By the way, do you know how well rustpotter behave with voice from different persons ? I read that CPU usage is dependant on the number of sample, which seems not very convenient for a “universal” keyword that can be used by not only the family, but also friend, etc. ? (but I may be totally wrong and would be glad to)

I think I have a volume change bug with pulseaudio and was glad to see that I was not alone, but by reading you again I’m a little disappointed : I don’t use the echo cancellation module (yet), so it doesn’t seem to be the same issue. I will need to take a look.
Is the bug in the pulseaudio module ? Is it a core bug or a bug related to the usage you have ?

In the latest version I’m adding an option that allows to generate usage records. I made that with debugging purposes but maybe it helps with the task of recording other people usages.

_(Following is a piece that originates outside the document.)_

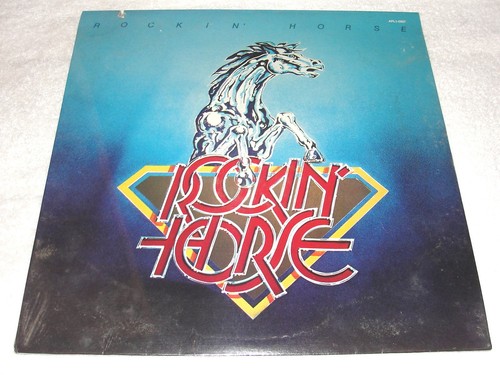 rockin horse - self-titled s/t, 1975 hard rock lp, sealed!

In the version 3 there will be two kind of wakewords (detection methods):

  • The one that was already present in the v2 which I have renamed to WakewordRef (wakeword reference) as it just compare the live audio with the reference which was extracted from the provided audios, these ones are generated using the rustpotter-cli build command.
  • The new option is to create a classification network to do the detection, by providing tagged and untagged audios as training and testing data (tagged audios means here they have a [label] as part of their name and the untagged data will be considered under the tag “none” and will not produce a detection). These ones should be a better option for creating “universal” files because the amount of training data do not increases the execution time, and as you can train those to detect different labels they can be used for detecting different speakers and things like that, still I didn’t have tried any of that. These ones are generated using the rustpotter-cli train command.

I still need to do more testing to have more clear conclusions, but for me after setting the threshold and min scores options to appropriate values the new detection method works quite better than the previous one (less false or missing detections).

For me it was caused by the usage of the webrtc cancelation, once I added aec_args="analog_gain_control=0 digital_gain_control=1" use_volume_sharing=true and reset pulse it was fixed.